Fabrique was Fashion's 1982 second album. It was produced by Zeus B. Held. The album included the following UK hit singles: "Streetplayer (Mechanik)" which reached No. 46 in April 1982 and "Love Shadow", which peaked at No. 51 in August of the same year. "Move On" and "Something In Your Picture" were also issued as the first and third singles of the album but failed to chart.

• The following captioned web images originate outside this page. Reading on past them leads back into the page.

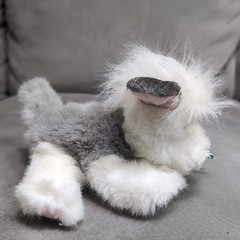 Vintage Tyco Puppy Puppy Puppies Dog Husky Grey White Blue Eyes Plush 8″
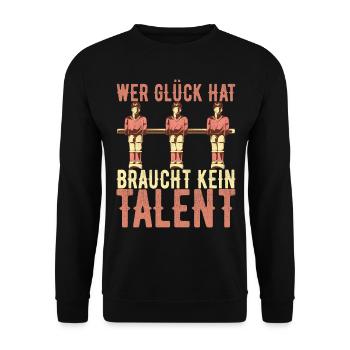 Tischfussball Tischkicker - Unisex Pullover - Schwarz - Vorne - Alina (178cm) & Michal (187cm)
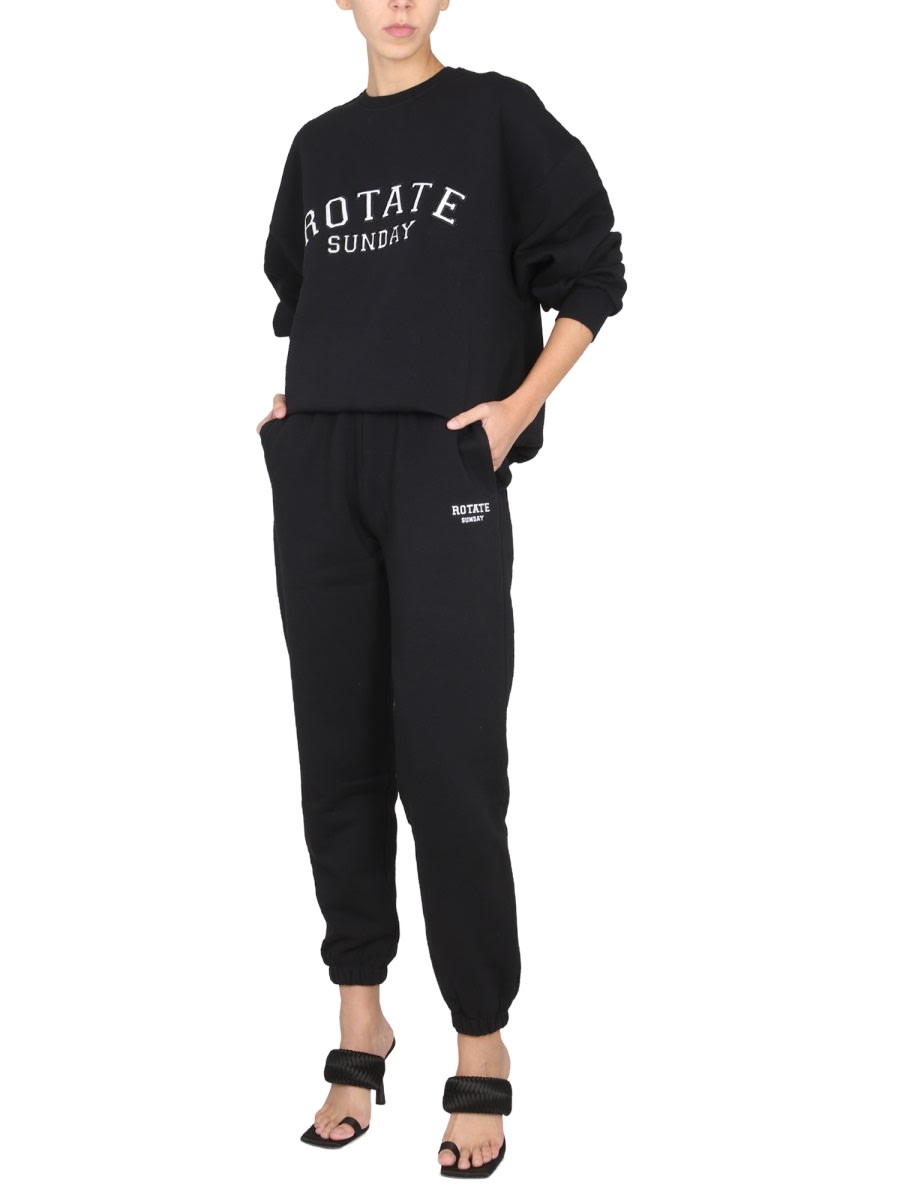 Rotate Birger Christensen Mimi Organic Cotton Sweatpants In Black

The album itself peaked at #10 in the charts, spending 16 weeks on the top 100. The track "Whitestuff" was featured in the television show Miami Vices two-hour season 2 opener, "Prodigal Son" and "You Only Left Your Picture", in another episode "Evan"

The album was re-released with additional material in 2004 as The Height Of Fashion.

Track listing
All tracks written by David "Dee" Harris except where noted.

 "Move On"
 "Love Shadow"
 "Streetplayer – Mechanik"
 "Dressed to Kill"
 "You Only Left Your Picture"
 "Something in Your Picture" (Dee Harris/Zeus B Held)
 "It's Alright"
 "Whitestuff (Short Cut)" (Dee Harris/Zeus B Held)
 "Do You Wanna Make Love"
 "Slow Blue"
 "Mutant Move" *
 "Love Shadow (Smokey Dialogue)" *
 "Street Mechanik" *
 "Do You Wanna Make Love (at  – 5:00 am?)" *
 "You Only Left Your Picture (Reggae Reprise)" *

(Tracks marked with an asterisk (*) are bonus tracks on The Height of Fashion)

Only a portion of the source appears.